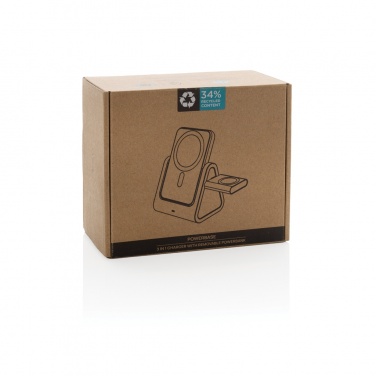 Logo trade promotional giveaways picture of: Powerbase RCS recycled plastic 3 in 1 charger with powerbank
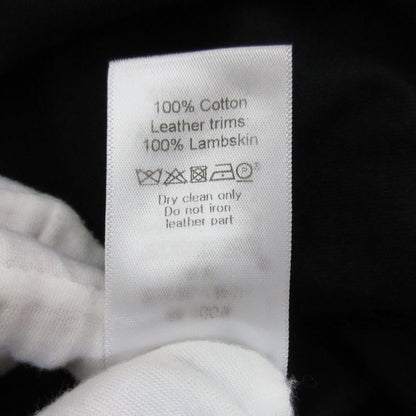 Good Celine Phoebe Period Leather Trim Layered Cut and Sewn Size S Black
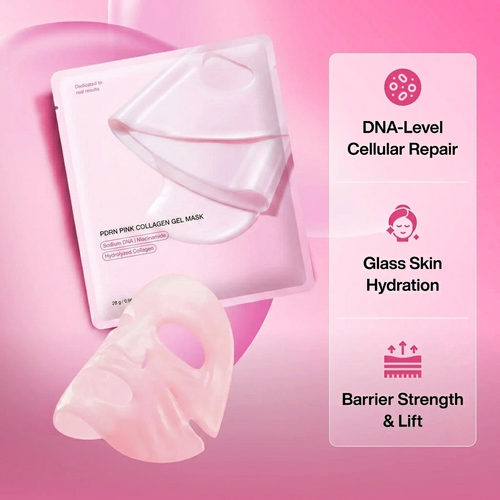 Salmon PDRN Collagen Gel Mask for Glass Skin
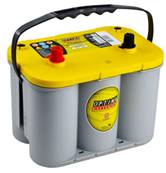 Batterie Optima Jaune S4.2 12V 55Ah 765A semi-traction +G. Garantie 2 ans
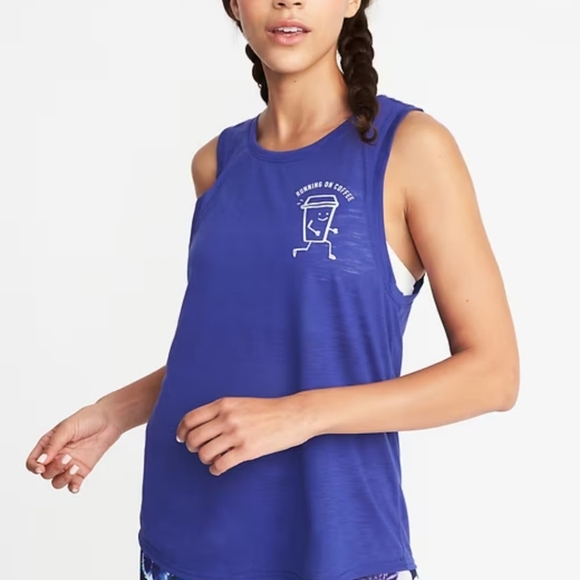 Old Navy running on coffee top size M - Picture 1 of 7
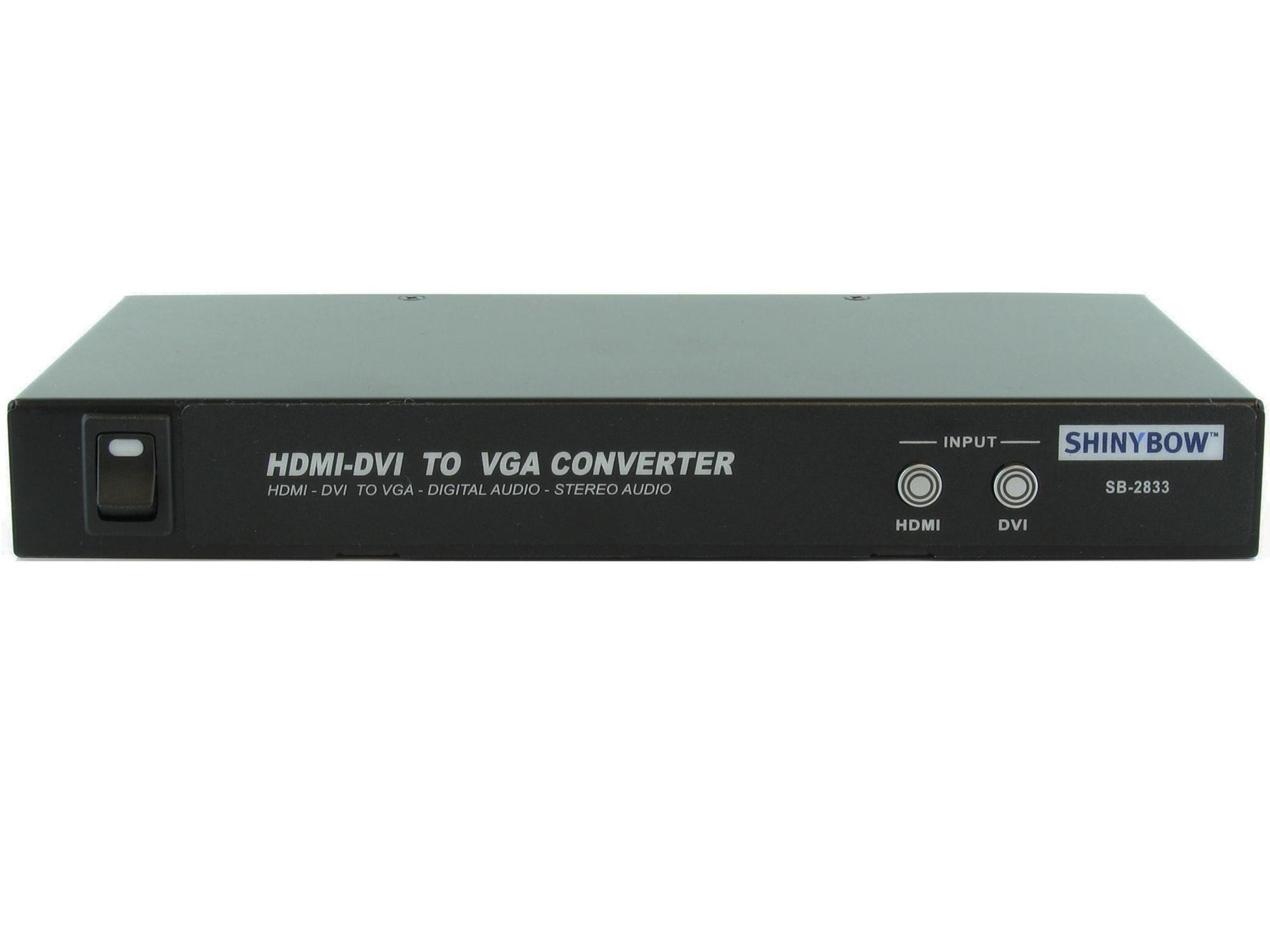 SB-2833 HDMI/DVI to VGA/Digital/Audio Converter by Shinybow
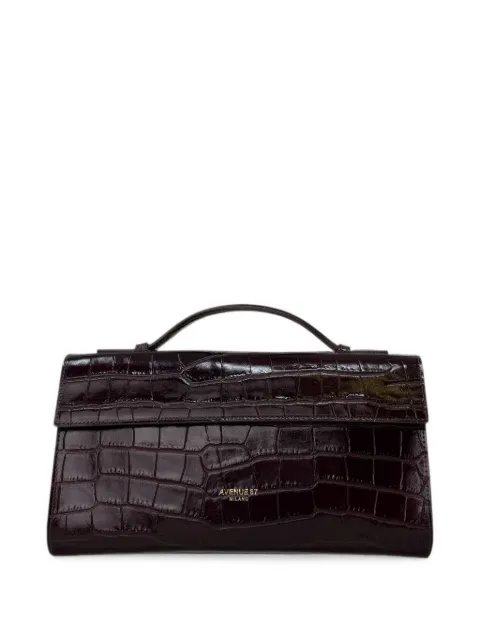 avenue 67 Paloma crocodile-effect leather tote bag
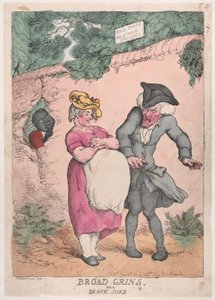 Sorrisos largos, ou uma piada negra, 4 de junho de 1812., 4 de junho de 1812. de Thomas Rowlandson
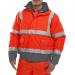 B-Seen Hi-Vis Two Tone Bomber Jacket Large Red/Grey Ref BD208REGYL *Up to 3 Day Leadtime*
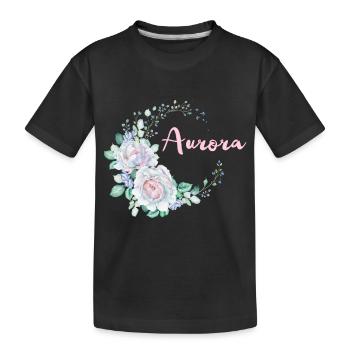 Für Aurora - Kinder Premium Bio T-Shirt - Schwarz - Vorne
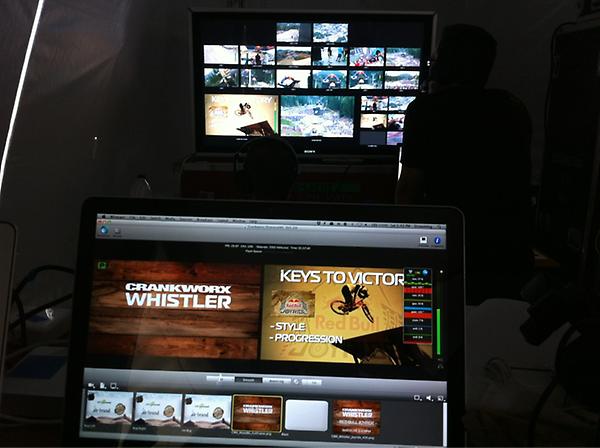 digitalbuilt's tweet photo. #crankworx in the wind, 18 cameras and 18kph winds = many angles of carnage. http://t.co/Swrzw7sm
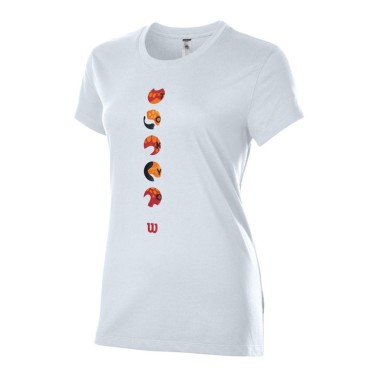 WILSON W TOKYO 2021 TECH TEE WRA811201-WH White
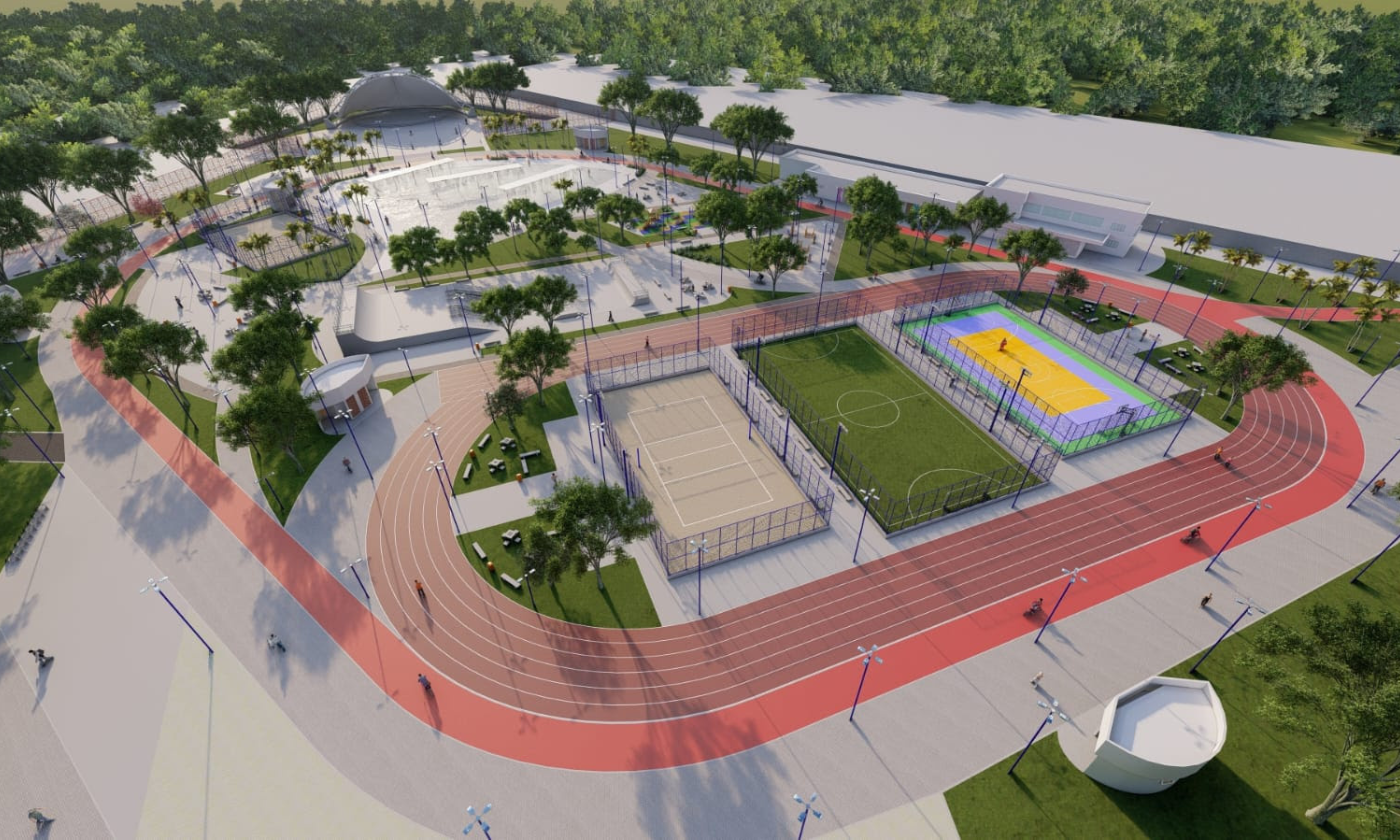 Imagem ilustrativa da imagem Dado pontapé para construção de parque no lugar do Piscinão, em SG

● Exercise prompt: Omit any images, then output the listing exactly.

● Answer to this task:
 Logo trade promotional giveaways picture of: Powerbase RCS recycled plastic 3 in 1 charger with powerbank
 Good Celine Phoebe Period Leather Trim Layered Cut and Sewn Size S Black
 Salmon PDRN Collagen Gel Mask for Glass Skin
 Batterie Optima Jaune S4.2 12V 55Ah 765A semi-traction +G. Garantie 2 ans
 Old Navy running on coffee top size M - Picture 1 of 7
 SB-2833 HDMI/DVI to VGA/Digital/Audio Converter by Shinybow
 avenue 67 Paloma crocodile-effect leather tote bag
 Sorrisos largos, ou uma piada negra, 4 de junho de 1812., 4 de junho de 1812. de Thomas Rowlandson
 B-Seen Hi-Vis Two Tone Bomber Jacket Large Red/Grey Ref BD208REGYL *Up to 3 Day Leadtime*
 Für Aurora - Kinder Premium Bio T-Shirt - Schwarz - Vorne
 digitalbuilt's tweet photo. #crankworx in the wind, 18 cameras and 18kph winds = many angles of carnage. http://t.co/Swrzw7sm
 WILSON W TOKYO 2021 TECH TEE WRA811201-WH White
 Imagem ilustrativa da imagem Dado pontapé para construção de parque no lugar do Piscinão, em SG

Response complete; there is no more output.